Milton est allé jusqu’à affirmer que l’exploitation et la domination de l’homme par l’homme sont des conséquences logiques de la Chute. En effet, la puissance symbolique de la perte de l’Eden biblique ne se limite guère à l’expression des regrets, à des lamentations ou à des visions projetées sur l’avenir. L’œuvre de Milton, tout comme Saraba, a son symbolisme universel. Saraba est aussi floral qu’halieutique, parmi tant de connotations métaphoriques.
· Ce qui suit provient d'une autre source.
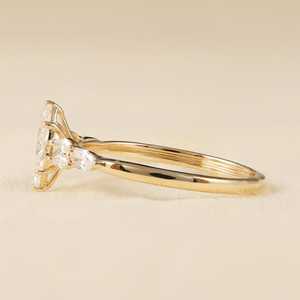แหวนเพชรทรงมาร์คีส์ 2.01 กะรัต ประดับเพชรแบบคลัสเตอร์ ตัวเรือนทองคำแท้ 14K สำหรับงานหมั้น งานแต่งงาน หรือเป็นของขวัญสำหรับเพื่อน - Product Image 4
Le paradis que représentent, pour nous-mêmes et pour les générations futures, les forêts naturelles et les ressources halieutiques, se perd sous nos yeux, comme jadis Saraba est perdu. Nos voisins du Sud, gourmands en bois, pillent nos forêts avec la complicité coupable des bandes interlopes et celle des voleurs clandestins. La richesse florale se vide de plus en plus de ses arbres. Si les tendances actuelles de déforestation se confirment, il n’y aura à l’avenir plus d’arbres qui cacheraient la forêt ou des forêts qui cacheraient les arbres, et nous perdrons ainsi le sens de ces dictons populaires. Devant ce spectacle dégoûtant de coupe et de pillage d’arbres, il n’y a pas de réaction d’envergure. Nous sommes aussi paresseux que lâches.
Une perte ne venant jamais seule, comme d’ailleurs un malheur ne vient jamais seul, s’ajoute à la raréfaction du Saraba de la flore, celle du Saraba des richesses halieutiques qui sont systématiquement pillées par des navires de pêche chinois et par des centaines de bateaux battant pavillon d’autres nationalités européennes et asiatiques. Chaque jour nos pauvres pêcheurs éprouvent toutes les peines du monde en haute mer et s’activent pour ne trouver au fond de l’océan que de malheureux poissons pourris. Les navires chinois de la pêche lointaine prennent tout.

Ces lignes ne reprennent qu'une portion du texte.